Collaboration diagram for Linear Regression:

About:

Ordinary least-squares (OLS) linear regression refers to a stochastic model in which the conditional mean of the dependent variable (usually denoted \( Y \)) is an affine function of the vector of independent variables (usually denoted \( \boldsymbol x \)). That is,

\[ E[Y \mid \boldsymbol x] = \boldsymbol c^T \boldsymbol x \]

for some unknown vector of coefficients \( \boldsymbol c \). The assumption is that the residuals are i.i.d. distributed Gaussians. That is, the (conditional) probability density of \( Y \) is given by

\[ f(y \mid \boldsymbol x) = \frac{1}{\sqrt{2 \pi \sigma^2}} \cdot \exp\left(-\frac{1}{2 \sigma^2} \cdot (y - \boldsymbol x^T \boldsymbol c)^2 \right) \,. \]

OLS linear regression finds the vector of coefficients \( \boldsymbol c \) that maximizes the likelihood of the observations.

Let

\( \boldsymbol y \in \mathbf R^n \) denote the vector of observed dependent variables, with \( n \) rows, containing the observed values of the dependent variable,
\( X \in \mathbf R^{n \times k} \) denote the design matrix with \( k \) columns and \( n \) rows, containing all observed vectors of independent variables. \( \boldsymbol x_i \) as rows,
\( X^T \) denote the transpose of \( X \),
\( X^+ \) denote the pseudo-inverse of \( X \).

Maximizing the likelihood is equivalent to maximizing the log-likelihood \( \sum_{i=1}^n \log f(y_i \mid \boldsymbol x_i) \), which simplifies to minimizing the residual sum of squares \( RSS \) (also called sum of squared residuals or sum of squared errors of prediction),

\[ RSS = \sum_{i=1}^n ( y_i - \boldsymbol c^T \boldsymbol x_i )^2 = (\boldsymbol y - X \boldsymbol c)^T (\boldsymbol y - X \boldsymbol c) \,. \]

The first-order conditions yield that the \( RSS \) is minimized at

\[ \boldsymbol c = (X^T X)^+ X^T \boldsymbol y \,. \]

Computing the total sum of squares \( TSS \), the explained sum of squares \( ESS \) (also called the regression sum of squares), and the coefficient of determination \( R^2 \) is done according to the following formulas:

\begin{align*} ESS & = \boldsymbol y^T X \boldsymbol c - \frac{ \| y \|_1^2 }{n} \\ TSS & = \sum_{i=1}^n y_i^2 - \frac{ \| y \|_1^2 }{n} \\ R^2 & = \frac{ESS}{TSS} \end{align*}

Note: The last equality follows from the definition \( R^2 = 1 - \frac{RSS}{TSS} \) and the fact that for linear regression \( TSS = RSS + ESS \).
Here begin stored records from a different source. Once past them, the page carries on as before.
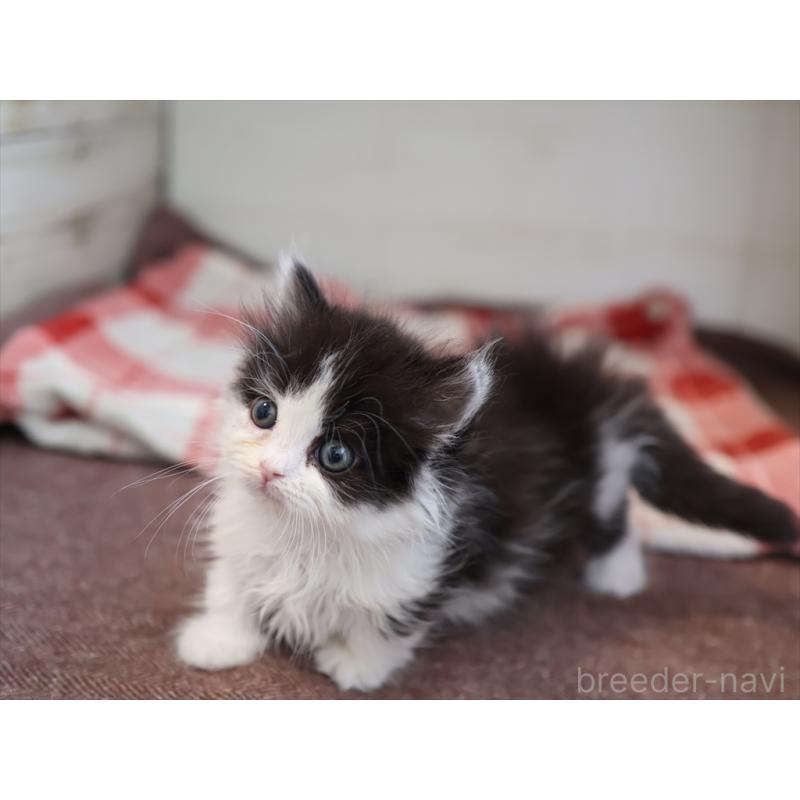 販売中の愛知県のマンチカン(短足)-134686の8枚目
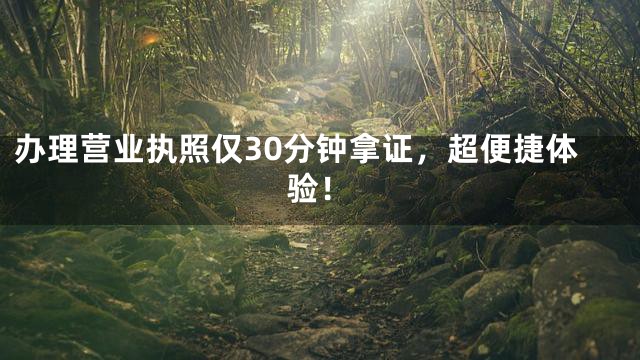 办理营业执照仅30分钟拿证，超便捷体验！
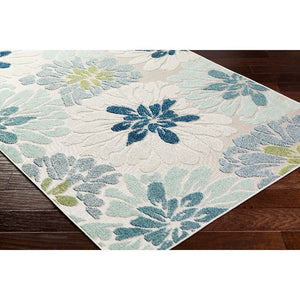 Mohit Coastal Pale Blue Area Rug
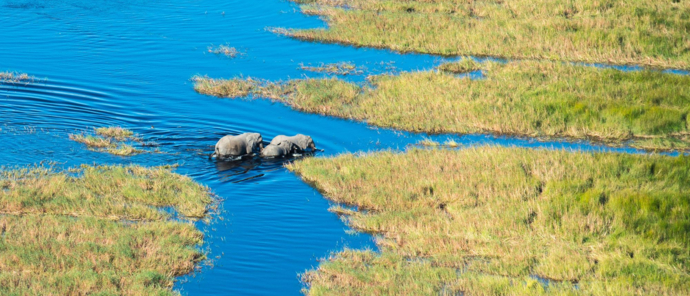 Machaba Safaris Okavango Delta Fly In Elephants In Water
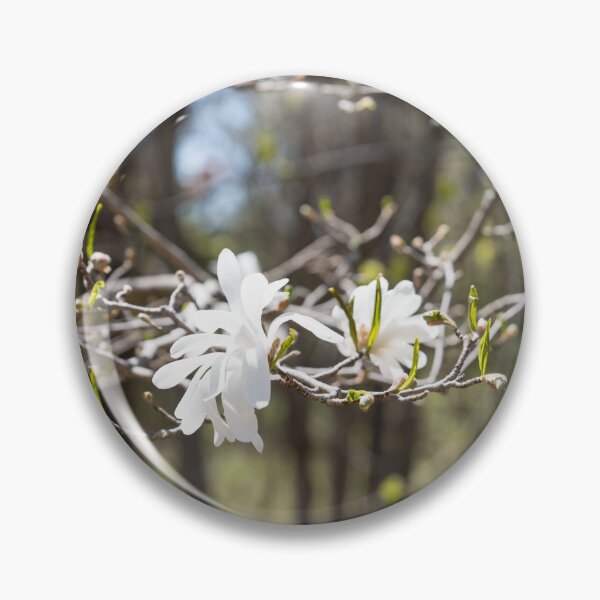 Item preview, Springtime Forest Bathing with Exquisite Wild Magnolias designed and sold by Georgia Mizuleva.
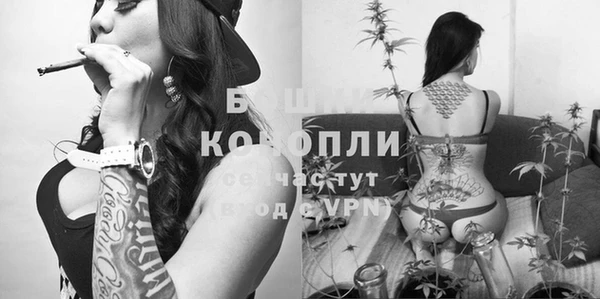 МДПВ Абаза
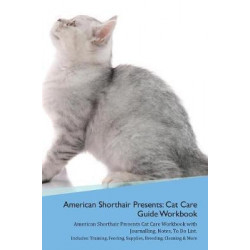 American Shorthair Cat Presents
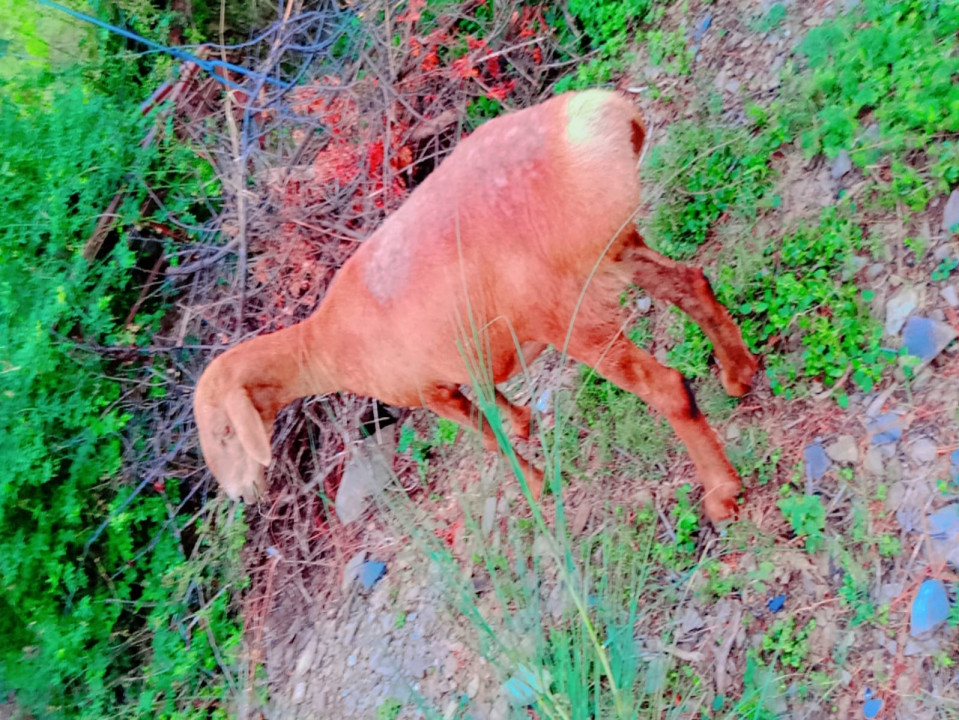 bakra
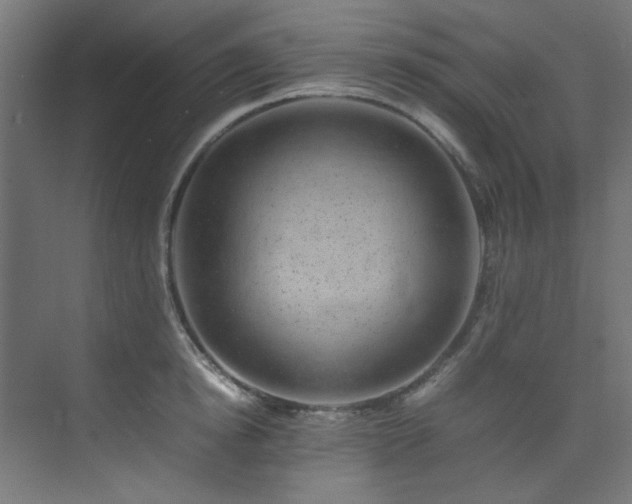 X0000074290854200608251342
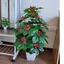 Đất sạch vi sinh siêu dinh dưỡng diệt trùng kháng khuẩn cực tốt chuyên dùng trồng Rau, Củ, Quả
A proof of the latter can be found, e.g., at: http://en.wikipedia.org/wiki/Sum_of_squares

We estimate the variance \( Var[Y - \boldsymbol c^T \boldsymbol x \mid \boldsymbol x] \) as

\[ \sigma^2 = \frac{RSS}{n - k} \]

and compute the t-statistic for coefficient \( i \) as

\[ t_i = \frac{c_i}{\sqrt{\sigma^2 \cdot \left( (X^T X)^{-1} \right)_{ii} }} \,. \]

The \( p \)-value for coefficient \( i \) gives the probability of seeing a value at least as extreme as the one observed, provided that the null hypothesis ( \( c_i = 0 \)) is true. Letting \( F_\nu \) denote the cumulative density function of student-t with \( \nu \) degrees of freedom, the \( p \)-value for coefficient \( i \) is therefore

\[ p_i = \Pr(|T| \geq |t_i|) = 2 \cdot (1 - F_{n - k}( |t_i| )) \]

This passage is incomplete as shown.